Seahorses were my favourite!


















This little yellow fish was stuck to the front of the seahorses' tank. I have no idea what it was, but it was very tiny and almost frog-like!









This was another fish i had never seen before. I forgot its name, but it has a very unique face! It looks like it has eyebrows.


























Blue eyed fish that would make Aigis jealous. 

















Shark tank, though I couldn't get any good pictures of the larger sharks on the top:


















Upside-down jellyfish. I saw a lot of these in Cuba.









Sea turtle was trying to get some leftovers in the corner. 









The stingrays were hilarious. They'd swim up to the surface, nose out, to see what you were doing. Some would flap backwards too!

















Stingray eggs!


















This lobster was huge! It came out for a split second, then scurried back into its cave.

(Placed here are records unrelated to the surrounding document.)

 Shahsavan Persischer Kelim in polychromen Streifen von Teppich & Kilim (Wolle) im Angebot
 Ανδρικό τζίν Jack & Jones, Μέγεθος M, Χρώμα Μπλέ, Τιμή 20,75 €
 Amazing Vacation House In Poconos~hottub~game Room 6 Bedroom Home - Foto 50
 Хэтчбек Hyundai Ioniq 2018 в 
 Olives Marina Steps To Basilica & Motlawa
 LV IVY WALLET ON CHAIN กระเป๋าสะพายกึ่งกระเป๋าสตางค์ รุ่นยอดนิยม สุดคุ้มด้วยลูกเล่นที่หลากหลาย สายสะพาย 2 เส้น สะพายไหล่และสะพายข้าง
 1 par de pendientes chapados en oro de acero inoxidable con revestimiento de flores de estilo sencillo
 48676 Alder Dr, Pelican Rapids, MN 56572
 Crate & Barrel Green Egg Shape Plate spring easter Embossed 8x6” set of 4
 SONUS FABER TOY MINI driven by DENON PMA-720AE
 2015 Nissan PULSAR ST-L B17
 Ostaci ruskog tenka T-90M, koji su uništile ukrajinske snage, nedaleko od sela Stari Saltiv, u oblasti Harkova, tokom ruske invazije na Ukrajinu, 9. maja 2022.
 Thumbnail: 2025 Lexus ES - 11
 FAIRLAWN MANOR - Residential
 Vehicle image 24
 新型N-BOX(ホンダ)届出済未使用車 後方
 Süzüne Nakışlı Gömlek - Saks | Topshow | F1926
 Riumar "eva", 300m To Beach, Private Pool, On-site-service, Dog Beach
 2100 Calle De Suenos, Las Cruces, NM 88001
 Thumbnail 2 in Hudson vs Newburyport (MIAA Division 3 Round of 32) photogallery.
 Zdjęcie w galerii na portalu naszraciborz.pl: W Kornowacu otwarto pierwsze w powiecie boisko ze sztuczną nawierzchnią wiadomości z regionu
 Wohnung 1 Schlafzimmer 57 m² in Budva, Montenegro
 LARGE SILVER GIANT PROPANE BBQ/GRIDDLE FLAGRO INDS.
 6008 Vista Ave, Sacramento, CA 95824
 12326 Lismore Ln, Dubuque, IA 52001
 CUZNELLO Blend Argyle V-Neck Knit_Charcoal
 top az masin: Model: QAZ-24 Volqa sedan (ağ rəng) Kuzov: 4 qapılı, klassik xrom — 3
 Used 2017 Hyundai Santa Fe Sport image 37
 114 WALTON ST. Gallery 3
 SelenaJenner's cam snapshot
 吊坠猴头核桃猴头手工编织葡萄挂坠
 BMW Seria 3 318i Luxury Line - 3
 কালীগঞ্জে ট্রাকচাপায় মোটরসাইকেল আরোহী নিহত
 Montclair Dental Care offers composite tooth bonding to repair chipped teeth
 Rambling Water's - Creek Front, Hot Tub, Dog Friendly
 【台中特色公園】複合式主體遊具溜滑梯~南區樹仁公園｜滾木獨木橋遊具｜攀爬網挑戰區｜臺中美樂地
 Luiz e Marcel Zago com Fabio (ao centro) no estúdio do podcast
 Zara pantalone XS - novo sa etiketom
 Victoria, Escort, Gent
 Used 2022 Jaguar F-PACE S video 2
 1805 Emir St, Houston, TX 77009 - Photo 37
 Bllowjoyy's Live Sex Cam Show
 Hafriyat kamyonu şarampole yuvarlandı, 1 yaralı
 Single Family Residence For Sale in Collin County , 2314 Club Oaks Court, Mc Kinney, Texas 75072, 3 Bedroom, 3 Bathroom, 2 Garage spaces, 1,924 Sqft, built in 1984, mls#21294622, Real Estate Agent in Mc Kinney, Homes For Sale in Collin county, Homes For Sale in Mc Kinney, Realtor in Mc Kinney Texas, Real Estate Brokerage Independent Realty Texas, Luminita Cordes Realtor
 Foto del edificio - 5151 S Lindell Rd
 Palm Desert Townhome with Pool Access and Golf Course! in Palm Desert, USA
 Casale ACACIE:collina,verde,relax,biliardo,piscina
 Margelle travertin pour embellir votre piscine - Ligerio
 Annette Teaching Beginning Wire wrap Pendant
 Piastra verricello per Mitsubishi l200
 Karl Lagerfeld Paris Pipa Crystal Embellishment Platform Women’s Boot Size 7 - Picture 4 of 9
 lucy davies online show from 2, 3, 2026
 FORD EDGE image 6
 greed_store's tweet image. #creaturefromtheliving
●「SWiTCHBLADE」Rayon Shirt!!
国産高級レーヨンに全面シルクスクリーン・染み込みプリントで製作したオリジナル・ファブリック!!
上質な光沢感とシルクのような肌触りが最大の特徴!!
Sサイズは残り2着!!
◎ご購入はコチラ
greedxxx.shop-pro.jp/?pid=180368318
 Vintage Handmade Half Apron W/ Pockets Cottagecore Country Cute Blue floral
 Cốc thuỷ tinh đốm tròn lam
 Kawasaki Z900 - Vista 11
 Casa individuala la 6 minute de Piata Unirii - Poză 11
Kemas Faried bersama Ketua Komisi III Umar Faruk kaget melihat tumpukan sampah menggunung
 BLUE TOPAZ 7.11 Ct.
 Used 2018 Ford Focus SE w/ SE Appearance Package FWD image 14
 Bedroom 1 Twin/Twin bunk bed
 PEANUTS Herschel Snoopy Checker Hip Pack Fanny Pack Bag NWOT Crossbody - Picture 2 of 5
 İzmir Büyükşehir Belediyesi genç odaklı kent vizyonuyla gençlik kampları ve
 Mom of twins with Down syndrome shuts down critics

The much adored cuttlefish!










And last but not least...this wasn't in the aquarium, but the Natural History Museum. It was a preserved specimen of a Football fish! I was really excited to see it, because I'm really interested in the deep sea. I had never seen a real deep sea fish before. 
The camera didn't really capture its impressive set of teeth!


----------



## dramaqueen (Jul 7, 2008)

Cool pics! You should post some in the offtopic section of TropicalFishKeeping. Other members would love to see your pics!!


----------



## Jupiter (Aug 30, 2009)

Sorry about the double topics! I was having some internet problems last night, I didn't mean to post two topics at once...can you delete one, Dramaqueen?


----------



## BettaxFishxCrazy (Sep 5, 2009)

Wow, some of those fish are just amazing!! I LOVE the cuttlefish.


----------



## dramaqueen (Jul 7, 2008)

Where is the other one?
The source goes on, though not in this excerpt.